COL10A1 Le plasmide d'activation CRISPR (h) offre une approche ciblée et non destructive pour réguler à la hausse l'expression endogène de COL10A1 sans modifier la séquence d'ADN sous-jacente.
COL10A1 Le plasmide d'activation CRISPR (h) est un système SAM (synergistic activation mediator) à trois plasmides conçu pour une régulation à la hausse hautement efficace et spécifique du locus COL10A1 dans des lignées cellulaires humaines. Le système s'articule autour d'une Cas9 catalytiquement inactive (dCas9) portant deux mutations inactivantes (D10A et N863A) qui éliminent l'activité nucléase tout en préservant la liaison à l'ADN. Cette dCas9 est fusionnée à VP64, un puissant activateur transcriptionnel, et est co-exprimée avec un gène de résistance à la blasticidine pour la sélection. Le deuxième plasmide code pour la protéine de fusion MS2-p65-HSF1, un complexe activateur secondaire qui agit de concert avec dCas9-VP64, ainsi qu'un gène de résistance à l'hygromycine. Le troisième plasmide code pour un ARN guide (sgRNA) de 20 nt spécifique de la cible, fusionné à deux aptamères d'ARN MS2 qui recrutent le complexe MS2-p65-HSF1 vers le site d'activation, accompagné d'un gène de résistance à la puromycine. Les trois plasmides sont délivrés dans un rapport massique de 1:1:1 pour une expression équilibrée de tous les composants du système.

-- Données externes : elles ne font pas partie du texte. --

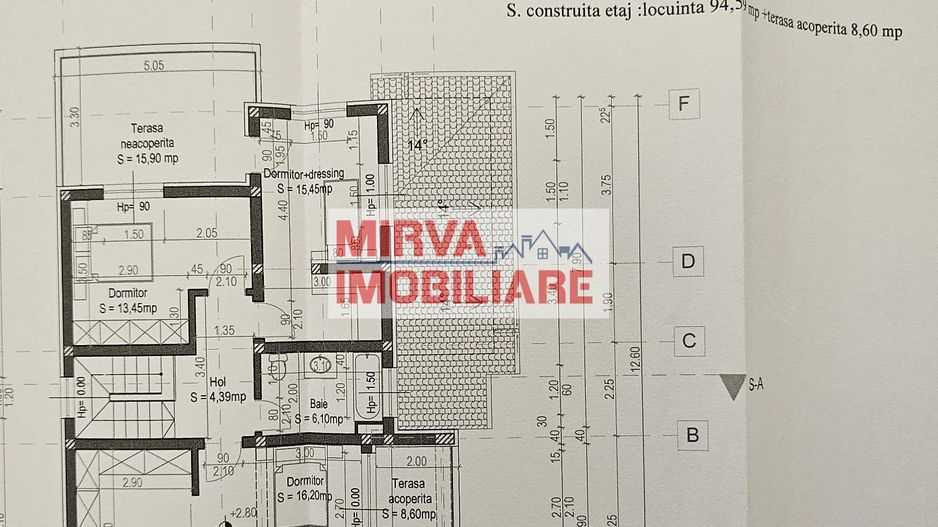 🏡 Vilă luminoasă, 4 camere, cu teren generos – Com. Plopu - Schiță 62
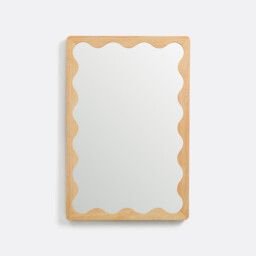 Lia Wavy-Edged Mirror, Height 91cm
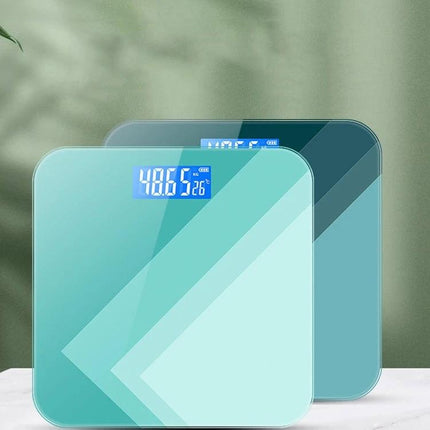 28cm Smart Electronic Scales For Home Use With Easy Read Display - tempered glass platform, blue LED, 1 g precision, non-slip ABS base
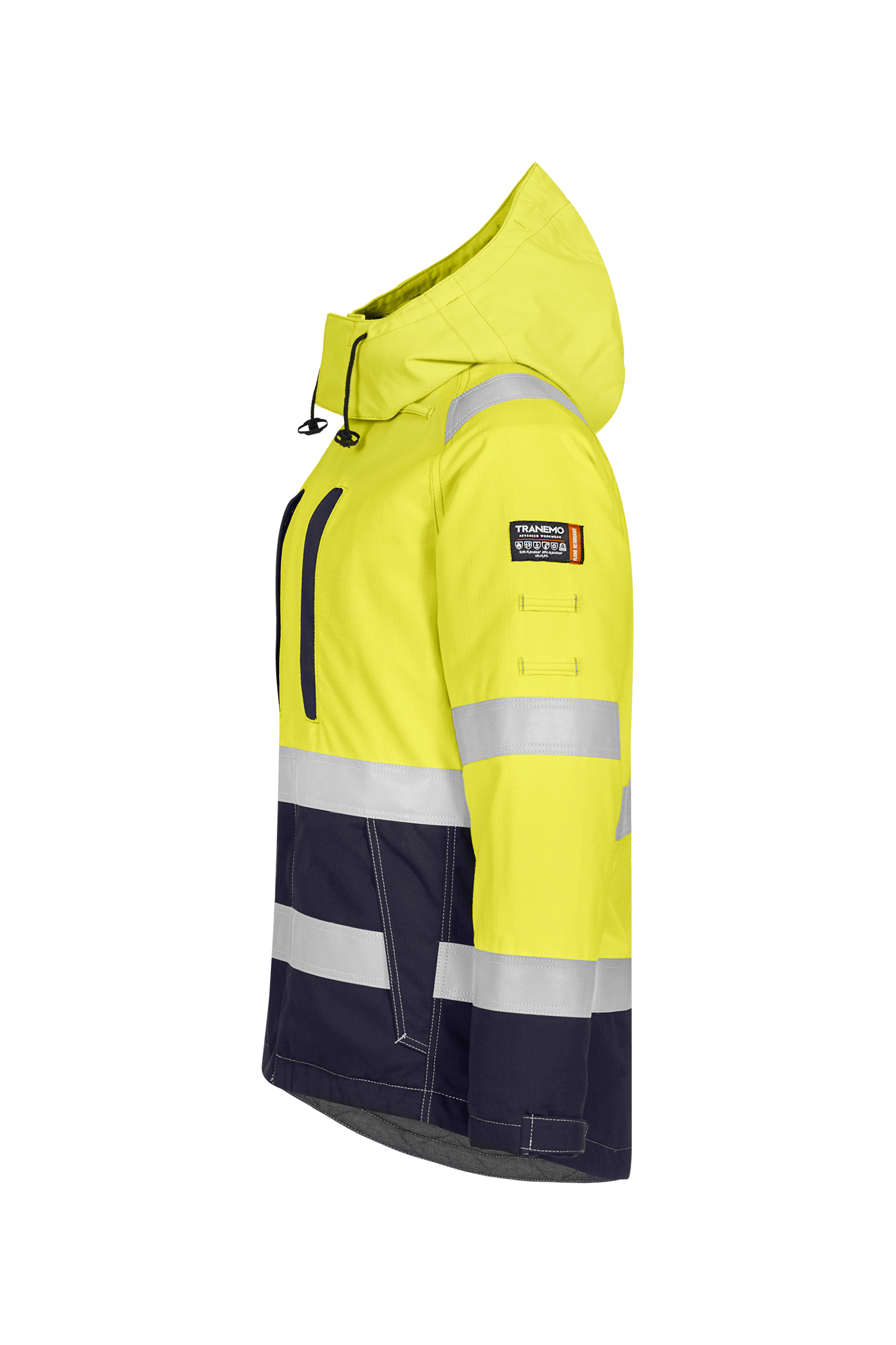 Tranemo Flammehæmmende Tera TX dame vinterjakke m/hætte - tranemoshop.dk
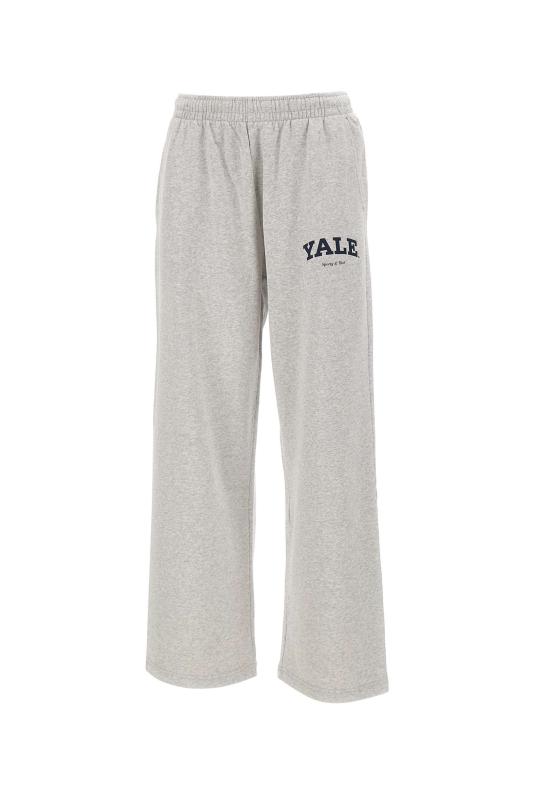 26SS SPORTY & RICH X YALE 스트레이트 팬츠 PA055611678GY03 HEATHGRAY Grey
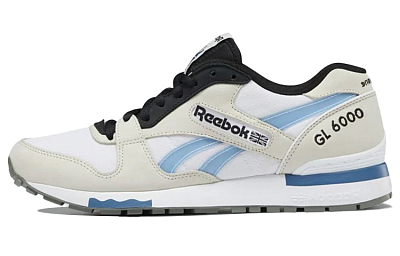 Reebok Eightyone X Reebok Gl 6000 Retro Wear Resistant Shoes/Sneakers Unisex White Blue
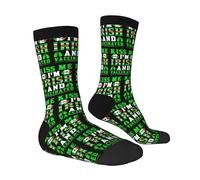 Medias Bésame, Soy Irlandés Y Estoy Vacunado. Suaves Calcetines Cómodos Calcetines Deporte Para Correr Trekking Skate
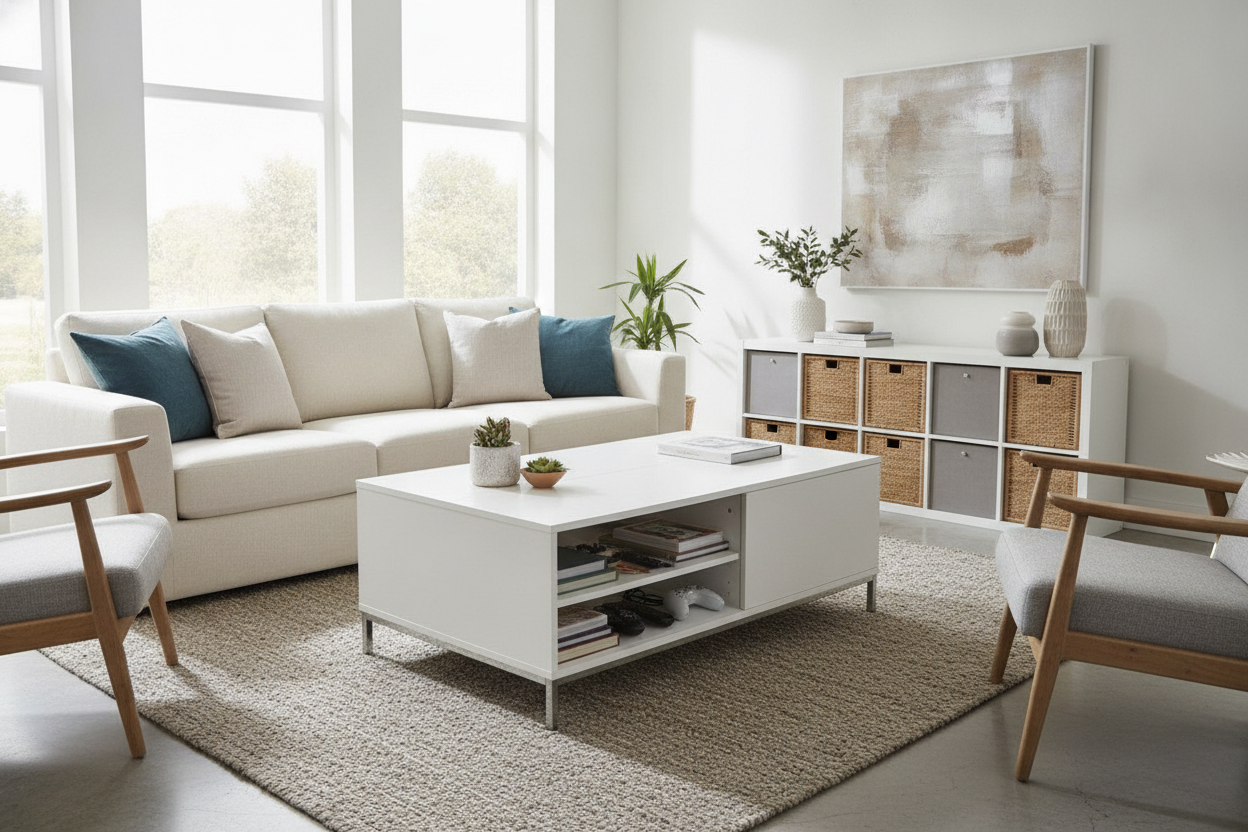 I Hide All My Living Room Junk in This IKEA Table With Storage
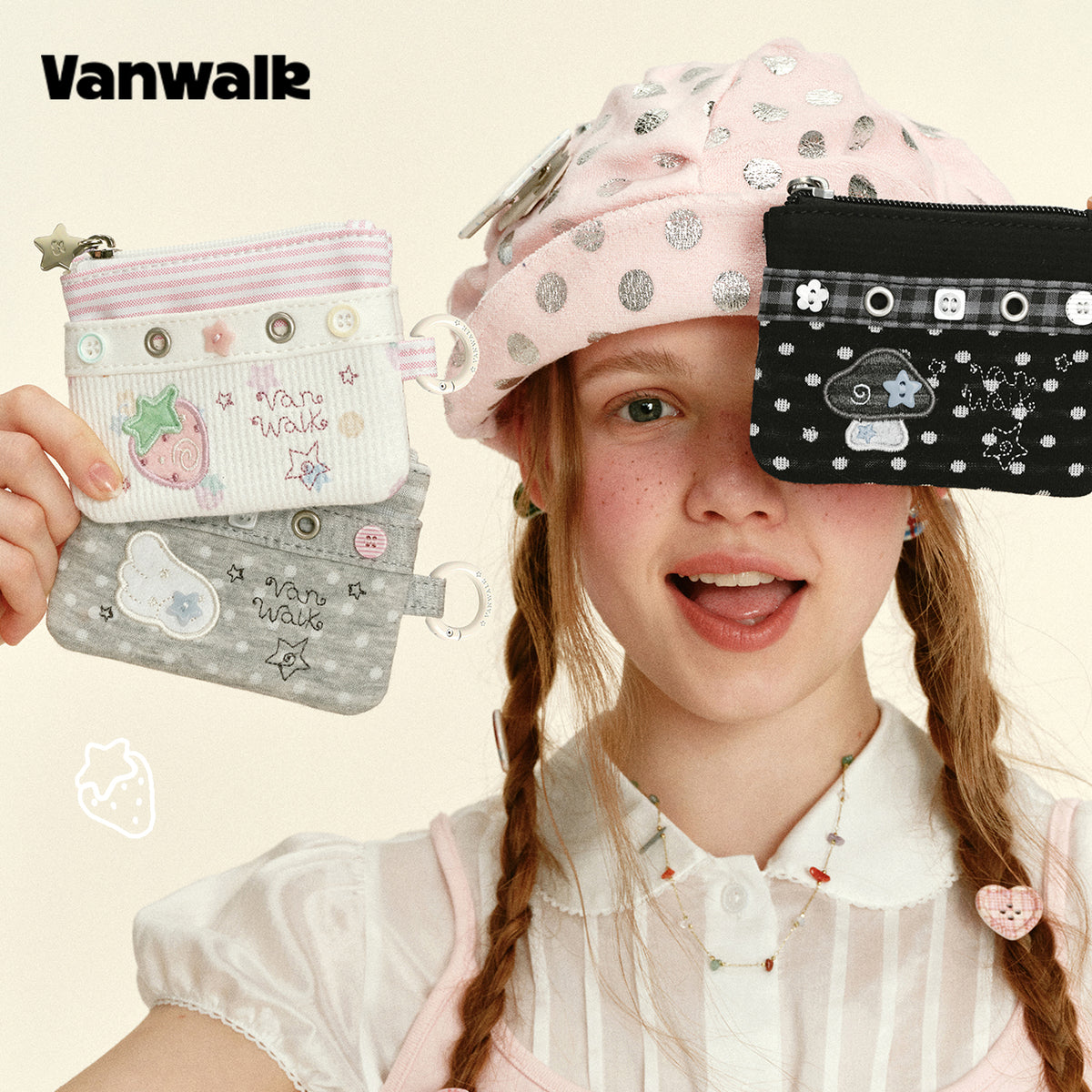 Vanwalk Cute Original Gulugulu-serien-møntpung vs100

Une fois assemblé au locus cible, le complexe SAM se lie à environ 200 pb en amont du site de départ de la transcription COL10A1, où VP64, p65 et HSF1 agissent de concert pour recruter la machinerie transcriptionnelle et induire une régulation à la hausse de l'expression endogène de COL10A1. Contrairement à Cas9, qui possède une activité nucléase, dCas9 n'introduit pas de cassures double brin ni ne modifie la séquence génomique, préservant ainsi le locus COL10A1 natif et permettant l'étude des réponses transcriptionnelles dépendantes de COL10A1 au niveau du locus endogène, ce qui en fait un outil précieux pour les études fonctionnelles, l'identification de gènes cibles et la modélisation de la restauration de la voie COL10A1 dans les cellules tumorales présentant une expression de COL10A1 silencée ou réduite.
Réservé à la recherche. N'est pas destiné à un usage diagnostique ou thérapeutique.